Related to this, I recall how limited our entertainment options were as a child, and that, among other things, we were stuck with whatever was on TV at the time. At an early age, I realized that certain movies that were so good, so rewatchable, that I would simply toss the remote control aside and stop flipping between channels when they were on. Every James Bond movie fell into that category, and every Clint Eastwood western. On Saturday afternoons, Channel 56 outside of Boston played two classic horror/sci-fi movies back-to-back, like Godzilla and Rodan, during its “Creature Double Feature.” You get the idea.
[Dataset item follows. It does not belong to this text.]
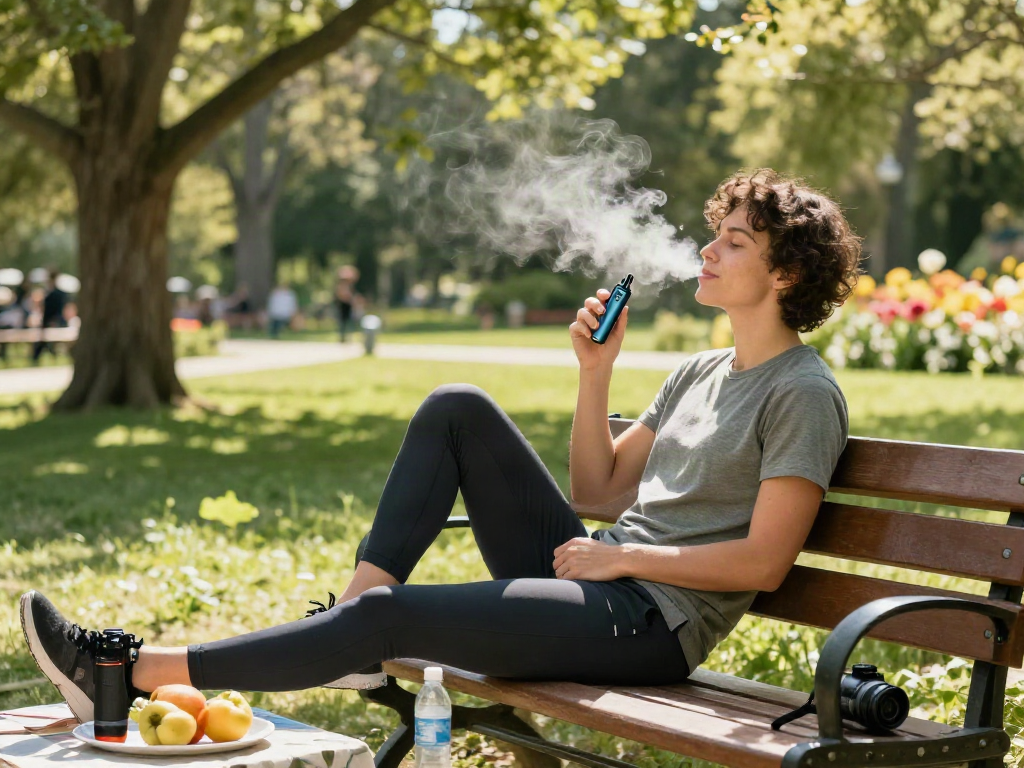 Muha meds disposable vape pen used in a wellness moment outdoors, highlighting natural serenity and healthy lifestyle.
I was thus delighted in watching the original Lethal Weapon in the theaters years later when Mel Gibson’s character comes home, turns on the TV, finds that The Three Stooges are on and throws away the remote control in an exaggerated way. Exactly. That’s it.
These days, I don’t even have traditional TV, or cable, or anything like that. But there are certain movies I will just put on because I never get tired of them, movies that are perhaps less divisive than those I listed above but also not on many best-of lists. Movies I watch again and again and again that I suspect many others never even think about. Prometheus, a Ridley Scott masterpiece (like almost anything he’s made), The Russia House, and Ronin factor in highly here. But there are so many more. Movies that aren’t bad, but are also not traditionally highly rated. Choices that might seem weird to others, but are nonetheless movies I love.
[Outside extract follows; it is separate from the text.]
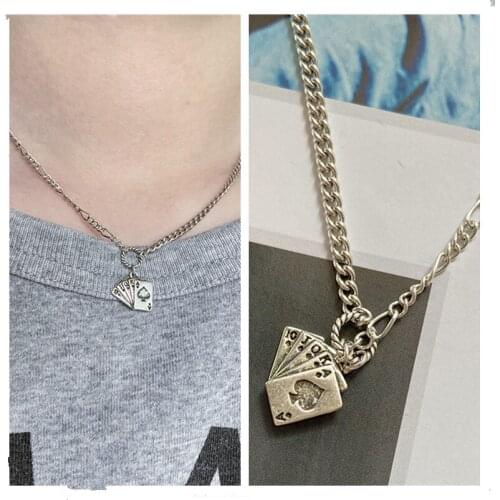 Pure Silver 925 Women Choker Necklace Jewelry Female Vintage Poker Cards Pendant Necklace Female Chain Accessories Lady Gift
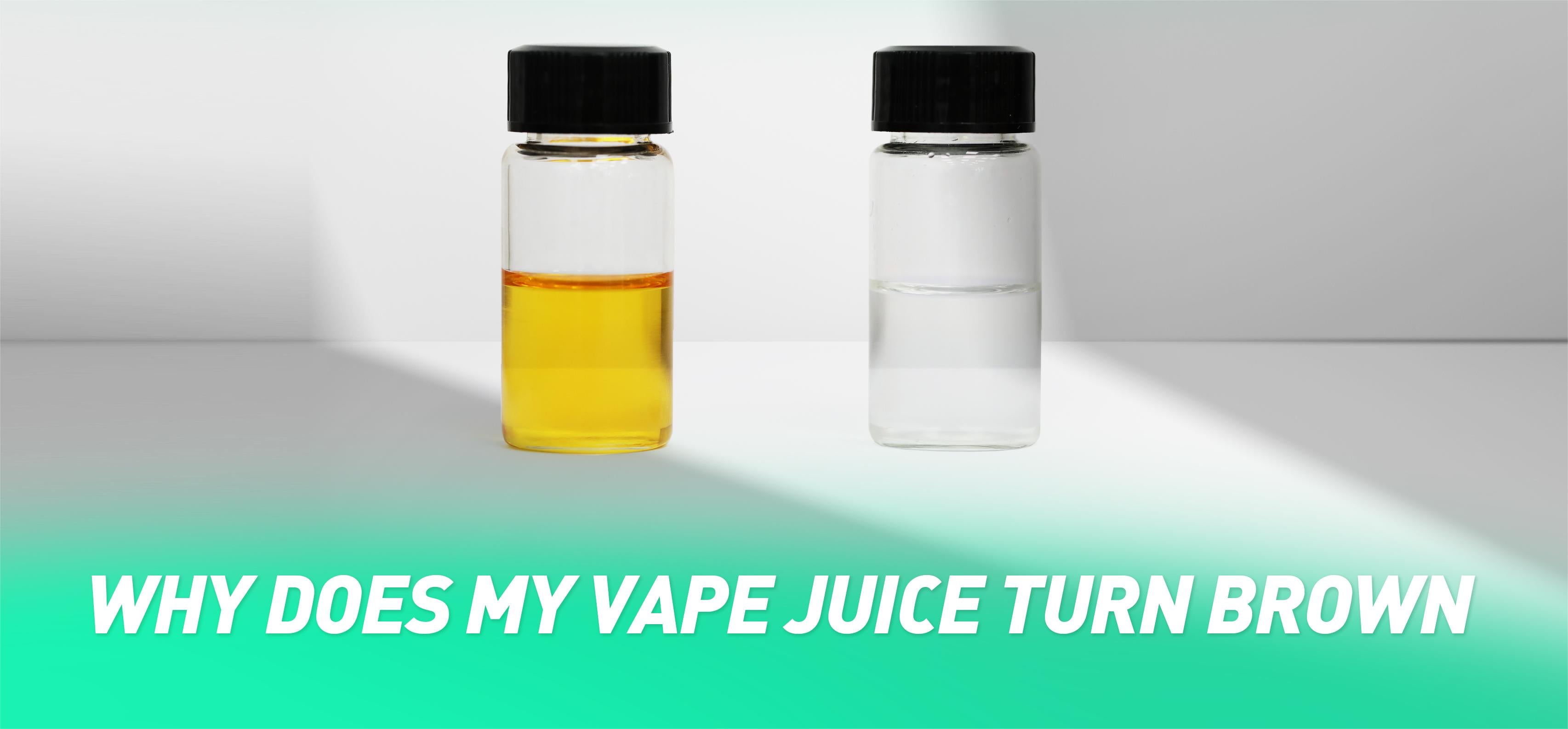 There are two bottles of e-liquids, one of which turned brown.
It’s a long list. And I would be surprised—delighted, but surprised—if any of these are on your own list of favorite rewatchable movies.
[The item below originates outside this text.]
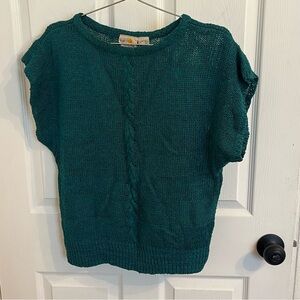 Liz Claiborne Deep Teal Silk Blend Short Sleeve Sweater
The American (the George Clooney version). Atomic Blond. The Arrival. Any Planet of the Apes made in the 1960s and 1970s (and, OK, sort of the newer ones too). Both Deadpool movies (“We’ll always have Bowie”). Desperado and its underrated (and to my mind superior) sequel Once Upon a Time in Mexico (“No, I’ll kill the chef”). Doctor Sleep (a rare example of a movie being better than the book). The Fifth Element. All three Fletch movies (the new one is terrific). The Hitman’s Bodyguard (but not really the sequel). Kingdom of Heaven (Ridley Scott, again). Man on Fire (Ridley Scott). The Ninth Gate. Paris (a 2008 French film no one has even heard of with a terrific soundtrack). Sideways, which is perfect in every way, and Shoot ‘Em Up, for the ideal Paul Giamatti double-bill. The endlessly quotable Spaceballs. Stakeout (1987) and Running Scared (1986), my favorite buddy cop comedies. Super Troopers. The Thomas Crown Affair (the 1999 version, which I feel is superior in every way to the original). The original Transporter. All three of The Trip movies. 2010, an underrated story and movie. 3 Days to Kill. These are all “throw the remote away” good. I’m sure I’ve forgotten some, plus I love horror movies, the dumber the better. All the Friday the 13th movies and that ilk.
To be clear, I’m not even mentioning the really good movies. There are a ton of those on the list too. But they’re all obvious. This is more about some weird nexus of personal preference and content that’s so good that it doesn’t so much fill the time as it time well spent.
It’s rewatchable, or its audio or written equivalent. It’s a gift. It’s the best.